Just one suburb bucked the trend: Horokiwi, on the city’s northern fringe. More than half of the homes in the suburb were worth more than their September 2021 rateable value.

The analysis also tracked the number of sales in the city that came in below RV since the valuations were issued at the end of November. Of 1503 settled sales tracked, 1062 (71%) sold for less than RV.

Wayne Shum, senior research analyst for Valocity, says the data shows Wellington’s market decline.

“The valuations were done in September last year so the market has changed a lot in the last year and we’re seeing that in a lot of sales – 70% of the sales now tracking below the rating value.”

RVs, also known as CVs, are carried out by councils every three years to give them a base by which to impose the rates and are quickly out of date in a moving market.

While owners can be attached to them, hoping their property will fetch the RV, Shum doesn’t think they affect what people will pay.

Wellington houses

A real estate office in central Wellington. The capital’s housing market has been hit hard by the slump. Photo / Getty Images

“Oftentimes when they’re released you get some buyers or sellers using them as a benchmark for the first month or two but in such a moving market in Wellington they’ve probably abandoned that quite early on.”

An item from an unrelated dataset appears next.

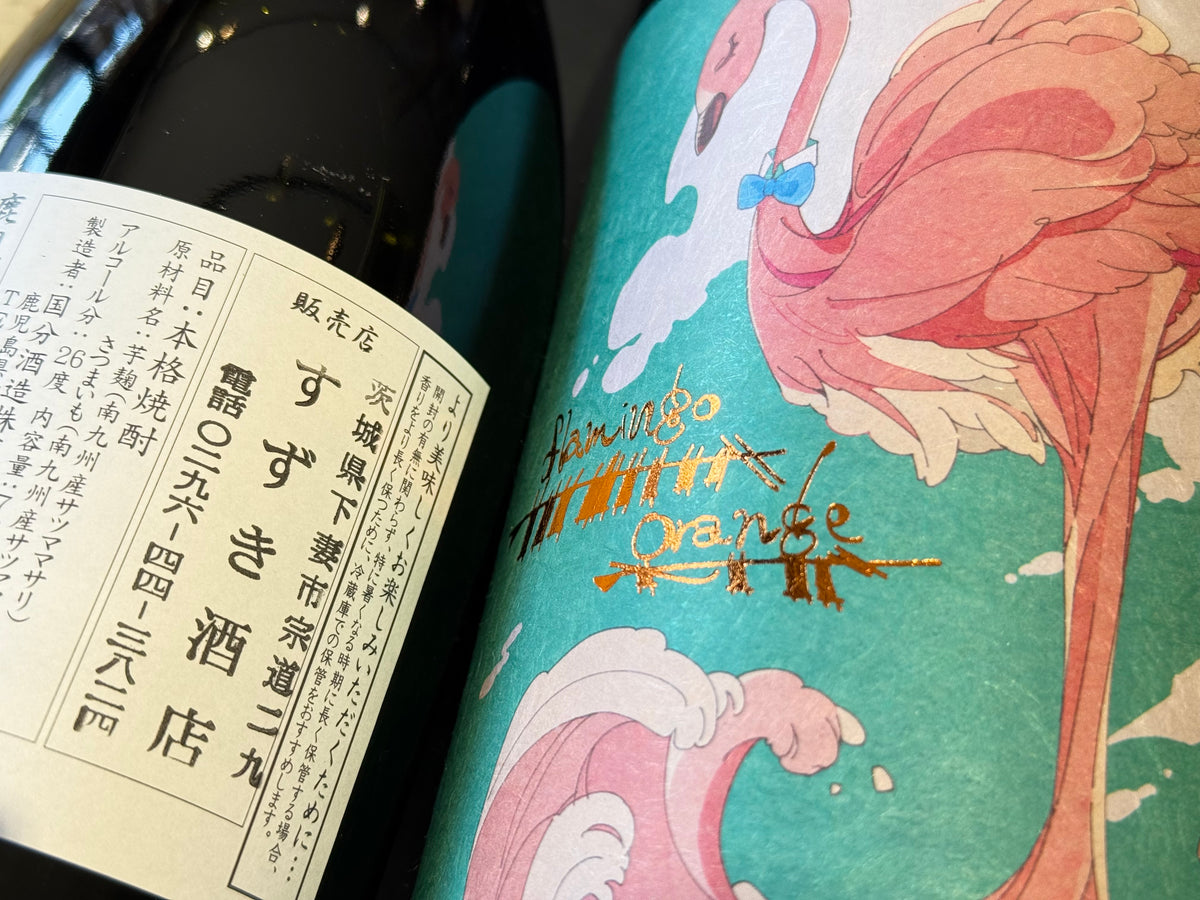 フラミンゴオレンジ｜芋焼酎 – すずき酒店 ONLINE STORE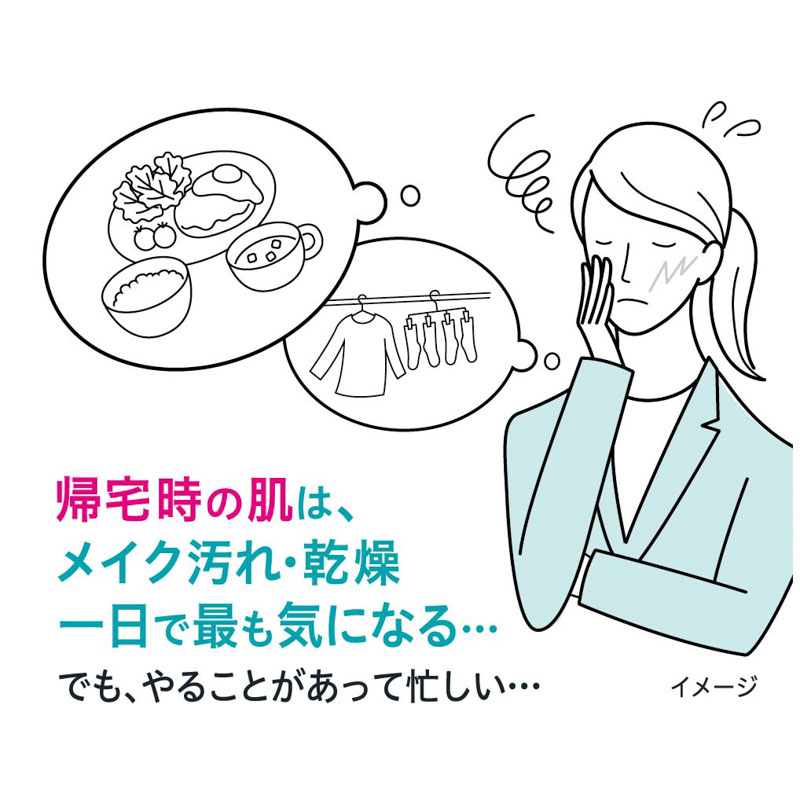 キユレル 潤浸保湿 乳液ケアメイク落とし【医薬部外品】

Because the valuations were carried out at the peak of the market in Wellington, anything selling after the peak is more likely to be below the RV, he says.

RVs don’t tend to become more relevant during their three-year cycle either, Shum says, although that depends on what the market is doing.

“Sometimes it goes up then comes back down, sometimes it goes down then comes back up but sometimes it continues to go up so it doesn’t really become more accurate.”

Tawa, on Wellington’s northern boundary, recorded the most sub-RV sales (77), while Grenada North, Rongotai, Breaker Bay and Makara Beach had the highest share of below-RV sales, although there was a handful of sales in each.

Agents mostly advise sellers and buyers to take no notice of the RV, explaining to clients they are simply a tool for councils to determine how much people pay in rates.

The market determines the actual price but some vendors are still hopeful, says Nicki Cruickshank, principal of Tommy’s Real Estate in Wellington.

It’s a psychological wrench for some owners to realise their property will fetch less than the RV but they need to get realistic in a market which has seen prices plunge across the city.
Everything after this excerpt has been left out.